Like a growing number of Chinese, athletes have found a voice on the Internet and in the news media, publicizing conflicts and complaints the government would rather keep quiet.
“What’s happening now is the younger generation of athletes has so many options to communicate, through microblogs and social networking, that they want to stand up and speak out,” said Jiang Yi, the managing editor of Sports Illustrated China.
Yet athletes face a formidable opponent: the state-run sports system — a bureaucracy of training schools, teams and government organizations that selects and coaches more than 250,000 young people for the purpose of winning gold medals.
The system offers many athletes the chance to bring honor to their families and country through competition. But some of these athletes find that the Olympic rings become shackles that bind them for years in indentured servitude to a government that frequently neglects their scholastic education and ignores their injuries while taking a sizable cut of their earnings, all in the name of national pride.

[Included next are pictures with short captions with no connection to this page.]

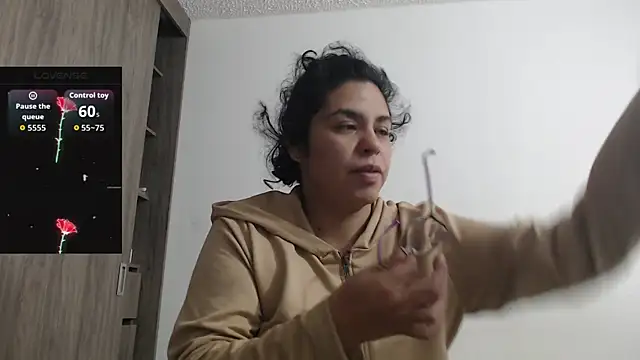 Anne purple online show from December 4, 3:54 pm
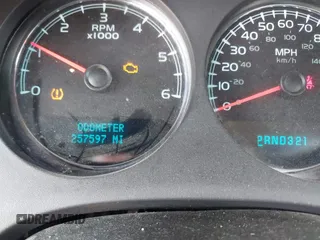 2008 Chevrolet Suburban LTZ with VIN 1GNFC16038R278002, listed as a IAAI auction lot 42036356 with 257,597 mi miles and . Bid and sale history available at DreamBid. Image 7.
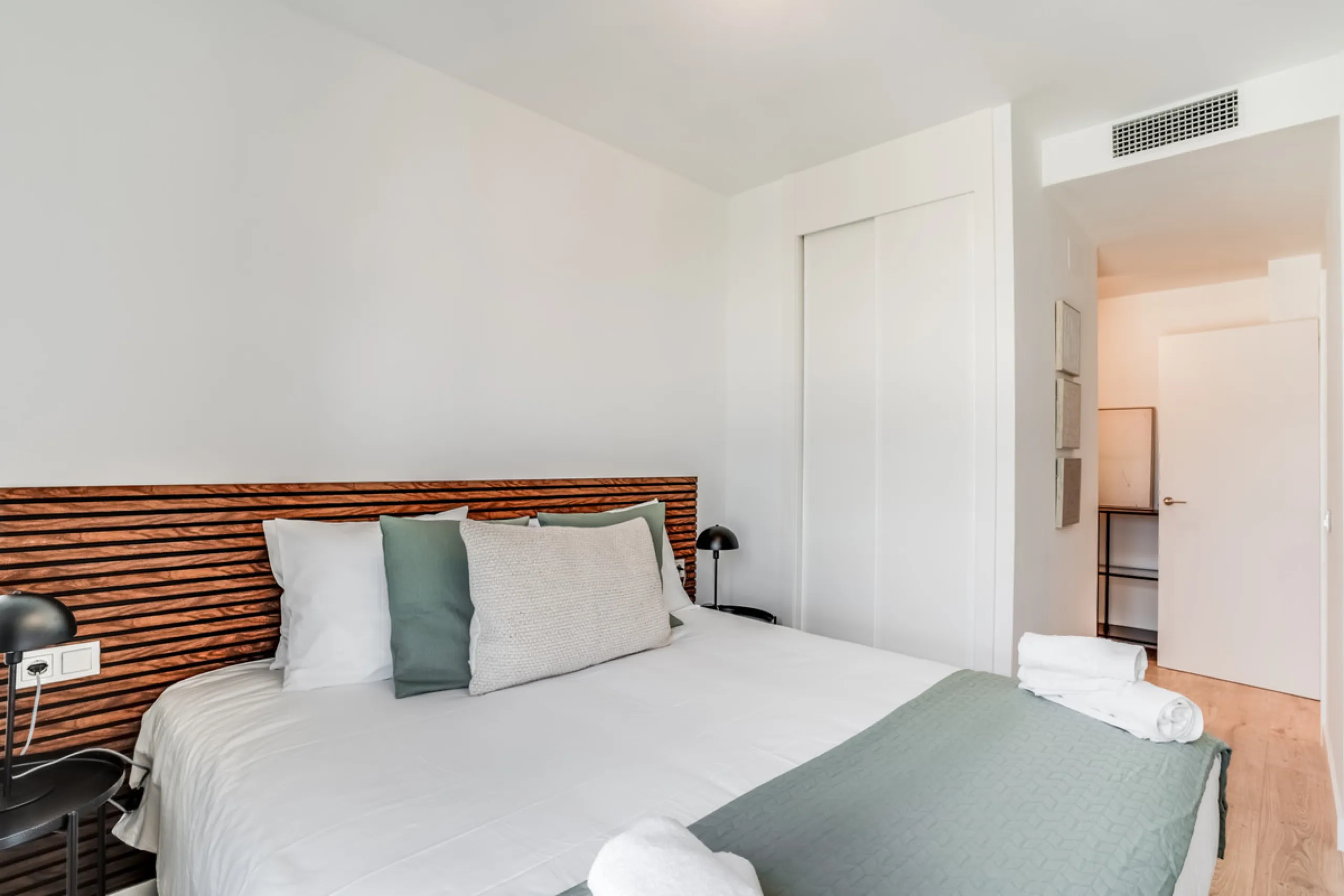 Experience high-rise living in the heart of Malaga! This elegant 2-bedroom, 2-bathroom apartment is located on the 25th floor of the iconic Malaga Urban Sky Tower, offering breathtaking panoramic views of the city skyline.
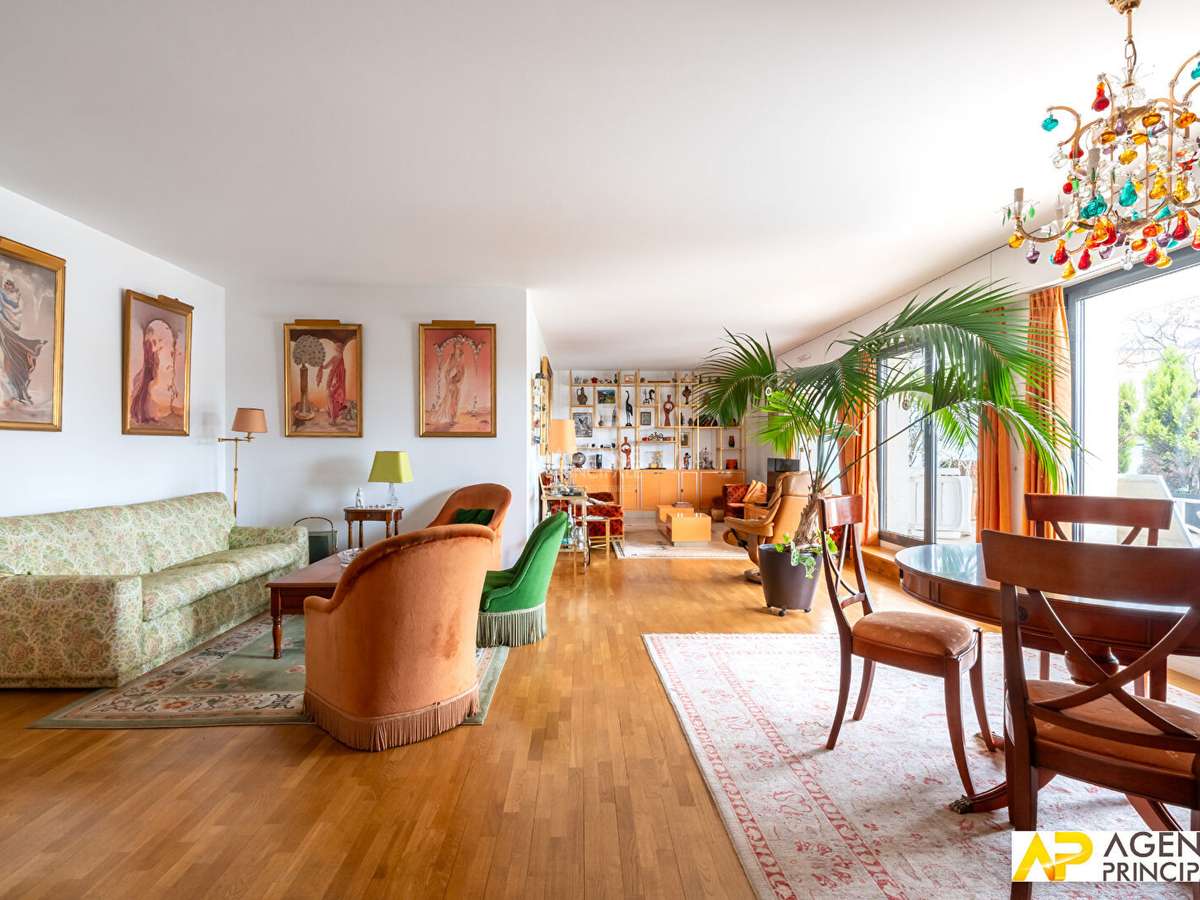 Apartment Maisons-Laffitte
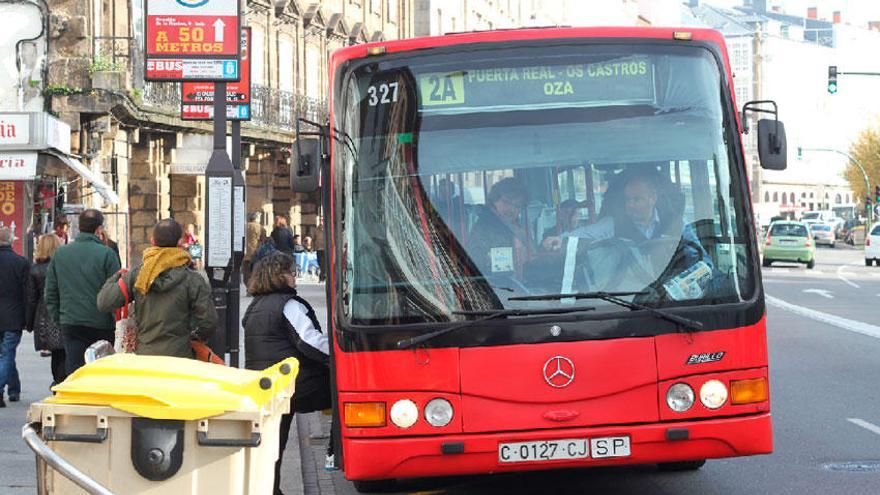 El PSOE denuncia la subida del billete del autobús urbano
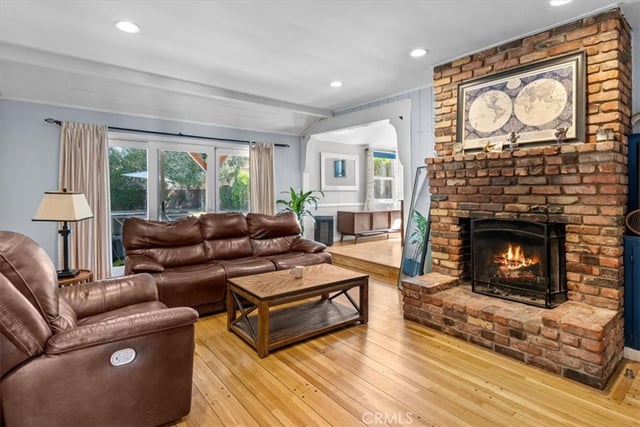 14319 Valerio Street, Van Nuys, CA 91405 — photo 5 of 24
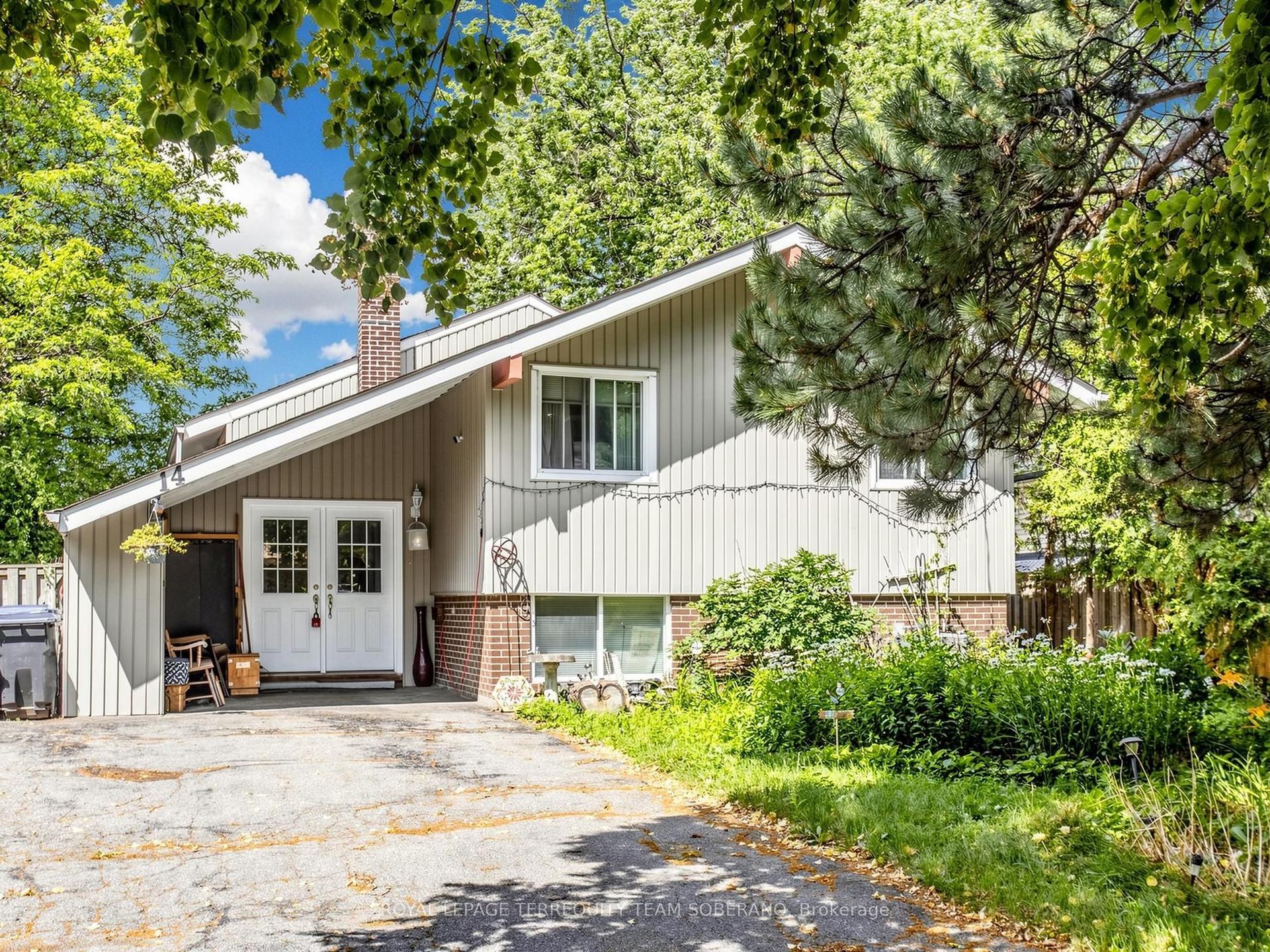 14 Rosswood Crescent, Toronto — Detached for sale, photo 1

It is a recipe that leaves many athletes unprepared to compete in the real world once they can no longer perform in a stadium. According to the state news media, 240,000 retired athletes suffer from injuries, poverty and unemployment.
One of those is Zhang Shangwu, 28, a former gymnastics champion who was discovered last month begging on a Beijing street. Selected at age 5 by the Hebei provincial government, Zhang won two gold medals before he injured his Achilles’ tendon during practice in 2002. He was forced by his coach to continue training. Sports officials then denied his request to study academic subjects and finally parted ways with him in 2005 with a pension of 38,000 renminbi, or $4,750, he said. “It was barely enough for food and the clothes on my back,” he told The Beijing News. Unskilled and unable to work because of his injury, he sold his medals for the equivalent of $13 and then was caught stealing. After being released from prison, he turned to panhandling.
The ensuing publicity of Zhang’s plight fueled outrage against the sports system and drew sympathy from the public, prompting a Chinese billionaire to offer Zhang a job as a personal trainer.
Success is also fueling rebellion within the athletic ranks among those talented enough to challenge the system. The tennis star Li Na, 29, was forced to choose between her career and her country in 2008 when she left the Chinese national team after sports officials refused to relinquish control of her life....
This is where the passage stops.